• Information supplied:
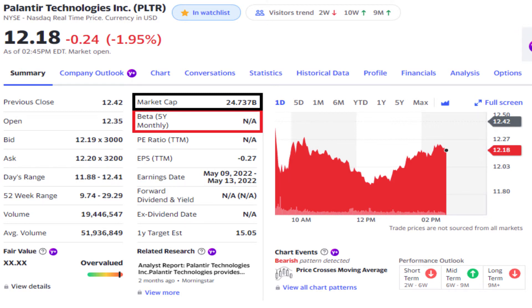The reason for this is that Yahoo Finance and many other sites default to a five-year monthly beta, and Palantir has actually only been publicly traded for a little over a year, so calculating a five-year beta isn't possible.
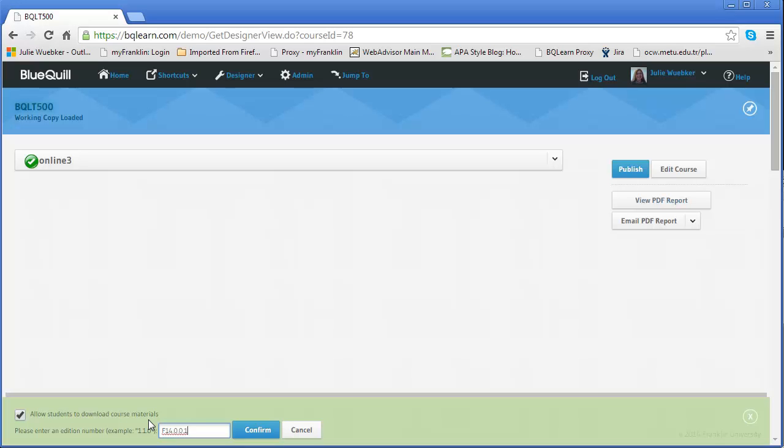You don't have to allow them to do that. If you uncheck it, they will not receive those materials and they won't be able to download anything. But if you allow them to, it will take all of your course materials and put them in a PDF and allow students to download it. So I'm going to click confirm.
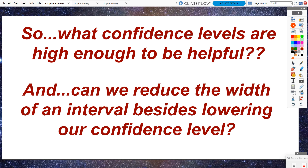Is there another way we can reduce the width of a confidence interval besides decreasing our confidence? Yes, there is. We can keep a high level of confidence — not 100% — and still shrink our confidence interval so it doesn't include as many numbers. I will share that information later in the chapter.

• Your assignment:
Copy the whole listing exactly, excluding the pictures in it.

• Expected output:
The reason for this is that Yahoo Finance and many other sites default to a five-year monthly beta, and Palantir has actually only been publicly traded for a little over a year, so calculating a five-year beta isn't possible.
You don't have to allow them to do that. If you uncheck it, they will not receive those materials and they won't be able to download anything. But if you allow them to, it will take all of your course materials and put them in a PDF and allow students to download it. So I'm going to click confirm.
Is there another way we can reduce the width of a confidence interval besides decreasing our confidence? Yes, there is. We can keep a high level of confidence — not 100% — and still shrink our confidence interval so it doesn't include as many numbers. I will share that information later in the chapter.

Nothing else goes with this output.